Retype all the records below exactly as they are, with no image carried over.

**SUPPLIED MATERIAL**
····················

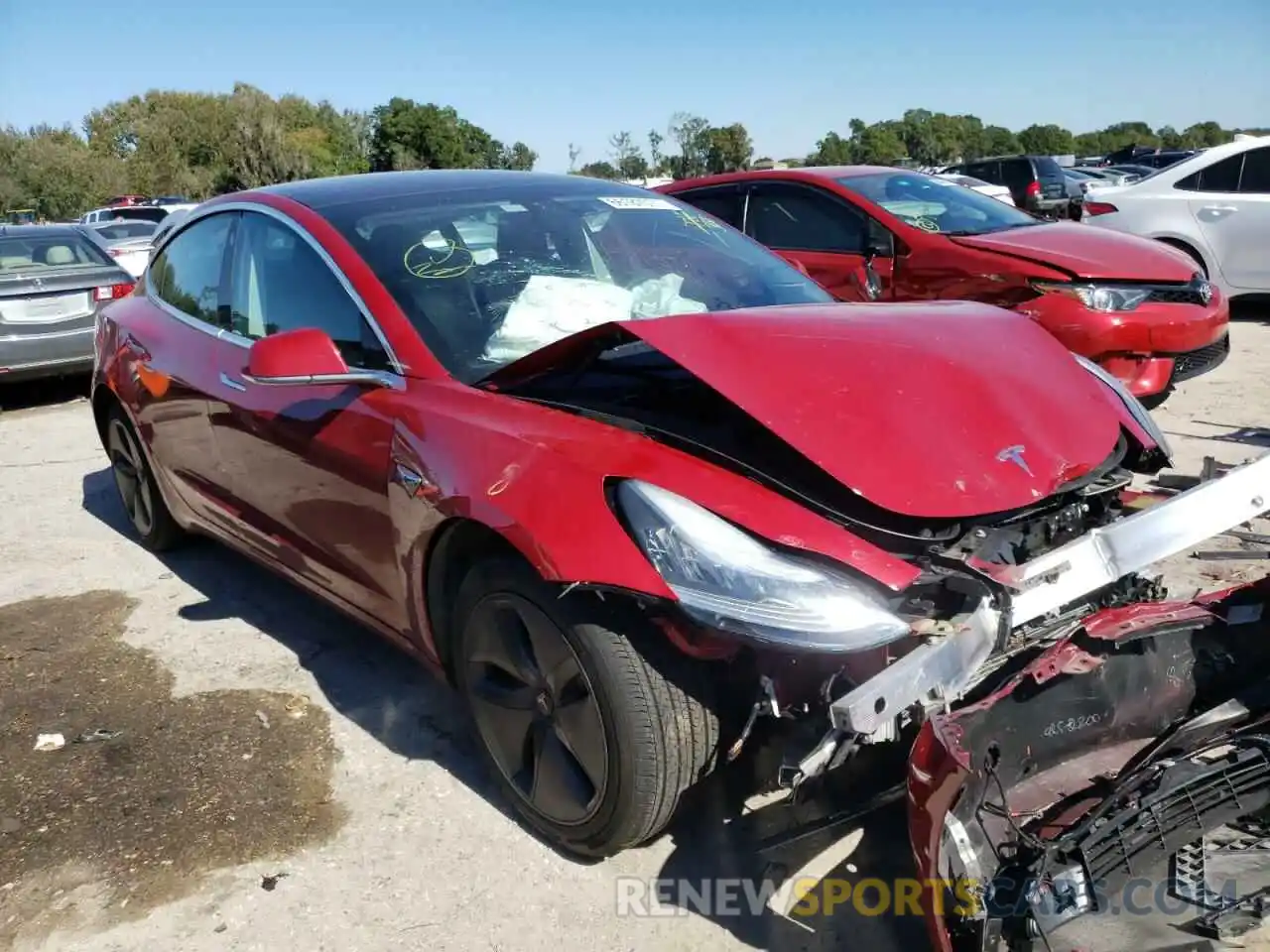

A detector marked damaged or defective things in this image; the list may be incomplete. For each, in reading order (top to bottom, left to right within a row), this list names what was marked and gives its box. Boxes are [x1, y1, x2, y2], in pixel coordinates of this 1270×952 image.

crumpled hood [954, 222, 1199, 282]
crumpled fender [386, 378, 924, 596]
crumpled hood [601, 299, 1122, 518]
broken plastic trim [827, 451, 1270, 736]
damaged front end [914, 581, 1270, 952]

····················

**YOUR SOLUTION**
A detector marked damaged or defective things in this image; the list may be incomplete. For each, in reading order (top to bottom, left to right within a row), this list names what was marked and gives its box. Boxes are [x1, y1, x2, y2], in pixel coordinates of this 1270×952 image.

crumpled hood [954, 222, 1199, 282]
crumpled fender [386, 378, 924, 596]
crumpled hood [601, 299, 1122, 518]
broken plastic trim [827, 451, 1270, 736]
damaged front end [914, 581, 1270, 952]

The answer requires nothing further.